During my one-year stay here, I found that climate change has drawn the attention of most Canadian people. It is said in 2013, 54 percent of the Canadian people saw climate change as the greatest threat to their country. By 2020, this figure has risen to 67 percent. The Canadian government has identified climate change as the defining challenges of our time and has introduced a series of measures to deal with it.
China, like Canada, attaches great importance to climate change. At the General Debate of the 75th Session of the United Nations General Assembly on September 22, Chinese President Xi Jinping in his speech announced that China will scale up its Intended Nationally Determined Contributions by adopting more vigorous policies and measures. China aims to have CO2 emissions peak before 2030 and achieve carbon neutrality before 2060. As the largest developing country in the world, China faces an arduous task of industrial transformation and upgrading as well as green and low-carbon development, which requires strenuous efforts. However, China acts in good faith. We have already attained 2020 climate action targets ahead of schedule. By the end of 2019, China has reduced carbon dioxide emissions per unit of GDP by 48.1 percent over 2005, equivalent to more than 5 billion tons of carbon dioxide emissions reduction. China has already exceeded the 2030 target for forest carbon sinks, and has contributed 25 percent to the increased afforestation areas worldwide since 2000. Moreover, China’s investment in renewable energy is larger than any other country. We have 30 percent of world’s installed capacity of renewable energy and the new energy vehicle stock is more than half the world’s total.
With a keen sense of responsibility for the whole mankind, China actively promotes the building of a community with a shared future for mankind.
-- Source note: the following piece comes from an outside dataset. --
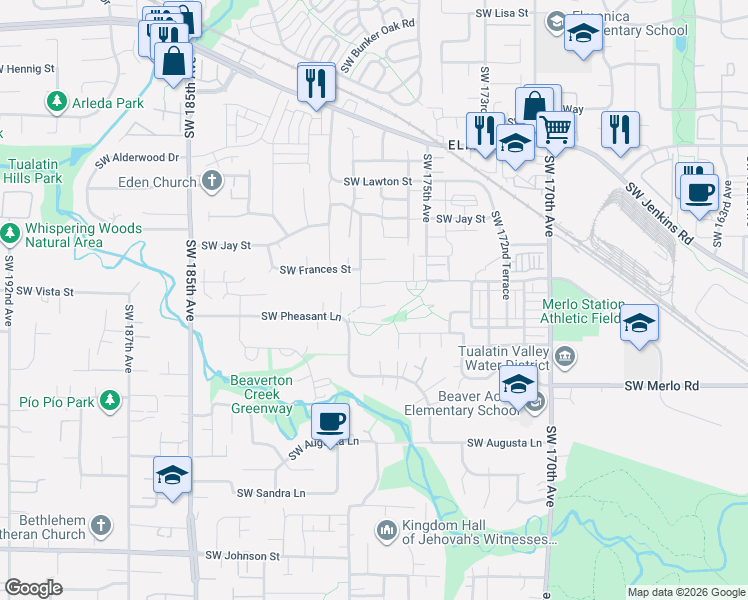 map of restaurants, bars, coffee shops, grocery stores, and more near 17733 Southwest Pointe Forest Court in Beaverton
To achieve this, it is important to build an ecological civilization and a beautiful planet. China has signed agreements and initiatives on addressing climate change with the European Union, France, Germany and other countries, and over 30 Memorandums of Understanding on climate change South-South cooperation with other developing countries. China is a staunch advocate of multilateralism and has always been an active participant and facilitator of the multilateral process of biodiversity. The 15th Conference of the Parties, or COP15, to the Convention on Biological Diversity, will be convened in Kunming next year. As the host, China is making good preparations for it. Chinese President Xi Jinping recently said that China will share with the world China’s experience of advancing biodiversity governance and ecological progress.
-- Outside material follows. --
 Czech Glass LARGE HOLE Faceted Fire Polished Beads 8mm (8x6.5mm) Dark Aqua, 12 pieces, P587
With a long history of cooperation on climate change and the environment, in recent years, China and Canada have achieved positive cooperation results especially in areas such as biodiversity, marine litter and plastics, and clean growth. Both China and Canada have been committed to promoting and implementing the Paris Agreement. Despite the United State’s withdrawal from the Agreement, China and Canada have not stopped our cooperation on climate change. The Ministerial-level Dialogues on climate change have been held between China and Canada, with the MOU signed between the environmental ministries of the two countries. Furthermore, China, Canada, and the EU have also co-hosted the Ministerial meeting on Climate Action, which has played a positive role in promoting the implementation of the Paris Agreement.
We’re facing profound changes never seen in a century. The sudden attack of COVID-19 is a grave test for the entire world. COVID-19 will not be the last crisis to confront humanity, so we must join hands and be prepared to meet even more global challenges. Only together can we effectively address climate change, marine pollution, biological conservation, and other global environmental issues. China is willing to strengthen cooperation with Canada and other countries to promote green development and a global ecological civilization.